Anoche, mientras Ditonellapiaga actuaba en el escenario de Ariston, la mayoría de los espectadores de Raiuno (y de los dispositivos conectados) se habrán preguntado: pero ¿quién es ese de las gafas grandes y el peluquín muy negro al lado del cantante? Se trataba de Tony Pitony, uno de los fenómenos del momento, nacido de la red y que llegó rápidamente como invitado al Festival de San Remo con el delicioso júbilo de las redes sociales. Cantaron The Lady is a Tramp, una obra maestra de Frank Sinatra a quien le hubiera gustado (quizás) escuchar esta canción transformada de esta manera.

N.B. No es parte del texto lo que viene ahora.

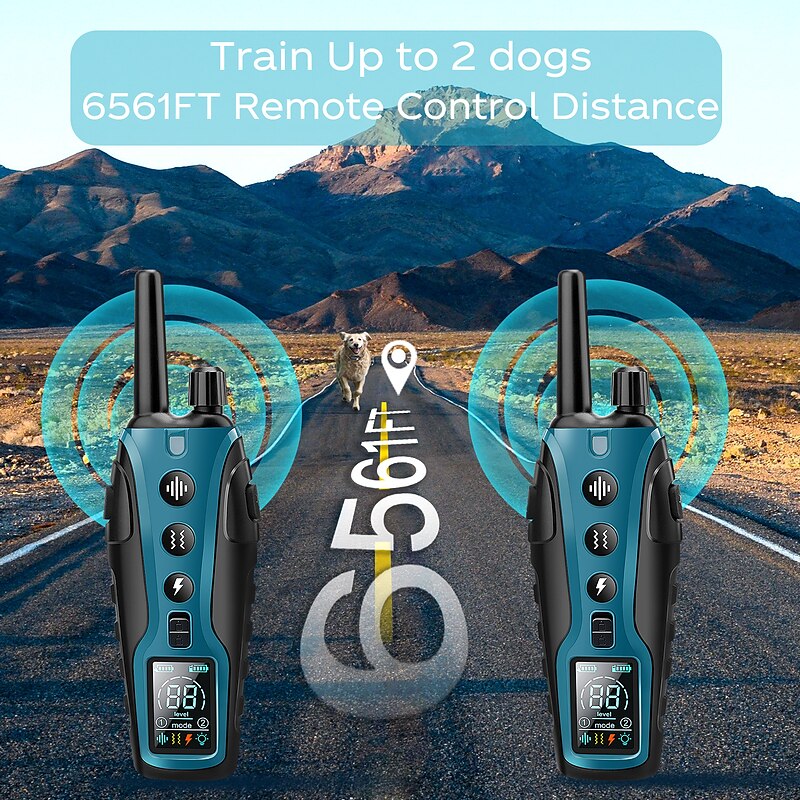Dog Training Collar 1.24-Mile Range IP67 Waterproof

Vale, pero ¿quién es realmente Tony Pitony? Reveló poco sobre sí mismo. Su nombre es Ettore Ballarino, nacido en 1996, un siciliano tan reservado que creó una “máscara” teatral y de por sí provocativa. Vivió en Londres durante años, en 2020 se enfrentó a The
Oye, Tony Pitony no toma prisioneros.
Su canción que ha estado sonando en la radio estas últimas semanas se llama I love black women y comienza así sobre una base funk que te envuelve: “Amo a las negras, no soy racista, el negro ya no es un color que me entristece, amo a las negras, no soy banal, no, finalmente soy yo quien seré esclavizado”. Las referencias son obvias. Y también está claro que no hay nada político en ello, y mucho menos “vergüenza de género” o racismo. De lo contrario.
En el mapa de la canción italiana, se sitúa en la zona semi-loca entre, por así decirlo, Elio y Le Storie Tese (que de hecho lo invitaron a su Concertozzo) y Skiantos con las debidas diferencias y respeto. En el plano musical, es una especie de Pino D’Angiò revisado y corregido, o más bien incorrecto porque a Tony Pitony le gusta provocar y desmantelar la corrección política pero con una buena formación musical a sus espaldas. Él se ríe de eso. Luego se ríe de él. Más que nada, se considera un actor comprometido en una obra tan antigua como el tiempo, es decir, contra el mercado musical, en la que (aunque a su manera) Tony Pitony participó de muy buen grado. Y los datos son claros: lleva meses siendo viral en las redes sociales, Spotify se está volviendo loco (más de 2 millones y medio de oyentes mensuales y más de 63 millones de streams el año pasado) y sus conciertos también van bien teniendo en cuenta que tras una gira con entradas agotadas ya ha vendido más de 130.000 entradas para las fechas del próximo verano (el concierto de Milán se agotó en ocho horas). “Si tuviera palabras serias, no estaría aquí. Lo que realmente estoy en contra es el mercado, la idea de “no se puede decir”.

Al contrario, es posible”, explicó, resumiendo un estilo que tiene referencias lejanas, de Andy Kaufman a Jim Carrey, pero que probablemente también sea muy apreciado por Checco Zalone, del que es sin duda una versión musical sutil pero divertida.